RAW DATA:
------

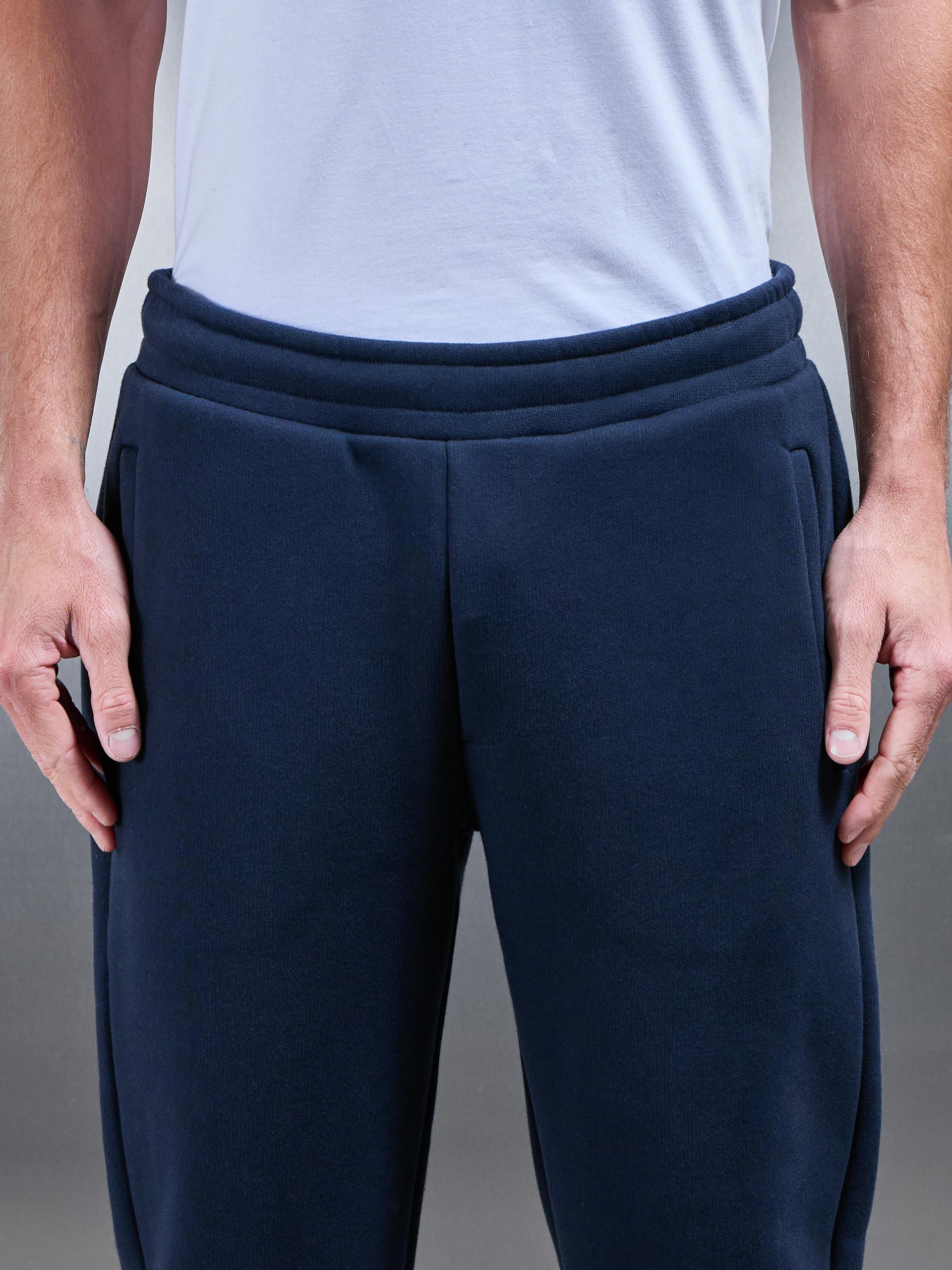 Relaxed Fit Straight Leg Jogger in Navy - Image 4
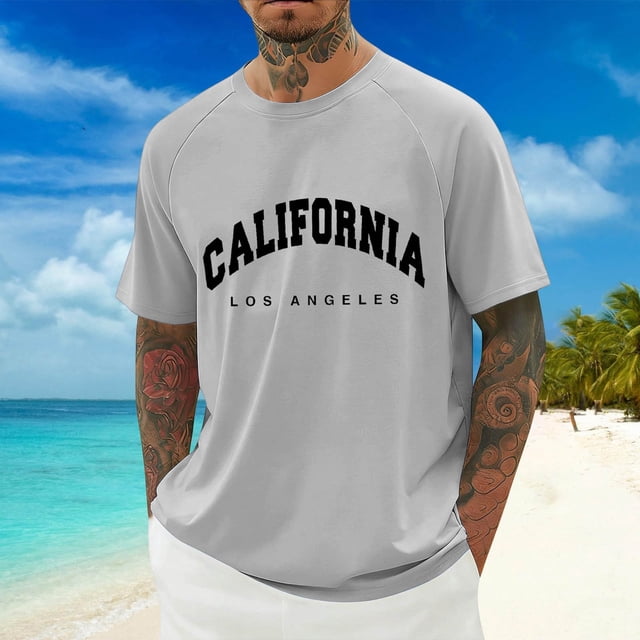T-shirt Athlétique à Manches Raglan, Col Rond, Manches Courtes, avec Oiseau Respirant pour le Sport Quotidien et les Tenues Décontractées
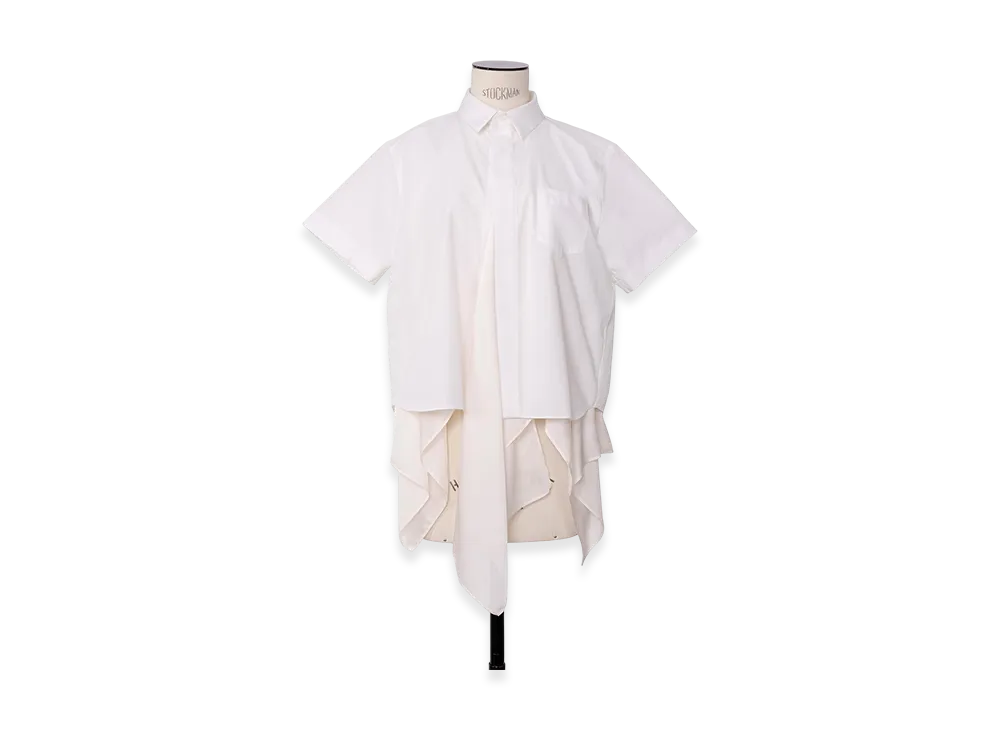 sacai Poplin x Satin Shirt "Off White"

------

ACTION ITEM: Every line of the data above should be repeated exactly. Omit the pictures.

RESPONSE:
 Relaxed Fit Straight Leg Jogger in Navy - Image 4
T-shirt Athlétique à Manches Raglan, Col Rond, Manches Courtes, avec Oiseau Respirant pour le Sport Quotidien et les Tenues Décontractées
 sacai Poplin x Satin Shirt "Off White"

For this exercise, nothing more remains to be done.